Stainless Steel Countertop Options
Stainless steel countertops are commonly custom made. Aside from getting the specific size that you need, you can also customize the look of your stainless steel countertop. You can add more features or design options to make it look more attractive.|
You can add texture and life to your stainless steel countertop by having the edges detailed. Edge detailing comes in two forms: acid-etched detailing or vinyl stick-on edge detailing.
In acid etching or acid streaking, acid is used on the stainless steel countertop to create permanent streaks on the stainless steel surface. The acid eats away at the chromium oxide layer which is the armor plating that makes stainless steel shine, rust-resistant, and corrosion-resistant. The acid also causes the metal to dull a little, giving it more texture and difference in luster. Skilled craftsmen and professional builders can do this by hand.
The difficult part about acid etching is getting the acidity level just right. A relatively weak citric acid or ascetic acid solution is usually used for etching. If the acid is too strong, it can completely eat away at the chromium oxide and expose the sensitive metal within. On the other hand, if the acid is too weak, it may not leave any marks at all.
You can enjoy having acid etching done on your stainless steel countertop because it allows you to customize the designs of the etching. You can have any kind of design etched on the surface. However, this procedure takes great skill and precision and can increase the cost of your stainless steel countertop substantially.

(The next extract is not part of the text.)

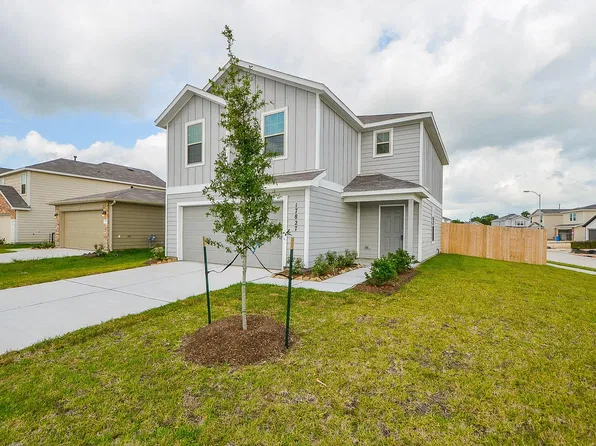 17827 Planted Orchard Dr, Hockley, TX 77447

If you are on a budget and cannot afford acid etching, you can still have your stainless steel countertop designed with vinyl stick-on borders. These design borders are strips of vinyl with one side inlaid with designs and the other coated with a strong adhesive. They are very affordable, but the design choices are limited.
Your stainless steel countertop comes as a single piece of fabricated metal. Unlike stone countertops, it does not have gaps so it does not have seams. However, installing a countertop onto a surface that is flush against a wall can leave a gap between it and the wall. In this case, you can use rubber seams to close this gap.
These rubber products are curved and have a rough L shape. You can install them by using adhesives. One section of the L should lay flat on the stainless steel countertop surface while the other should curve into and up the wall. Using rubber seams prevents moisture from seeping into the gap between the wall and the countertop.
You can add washbasins, sinks, and dish-drying surfaces to your stainless steel countertop. These additions are usually molded directly into the raw stainless steel sheet. Additional drainage holes can be cut into the steel, if necessary.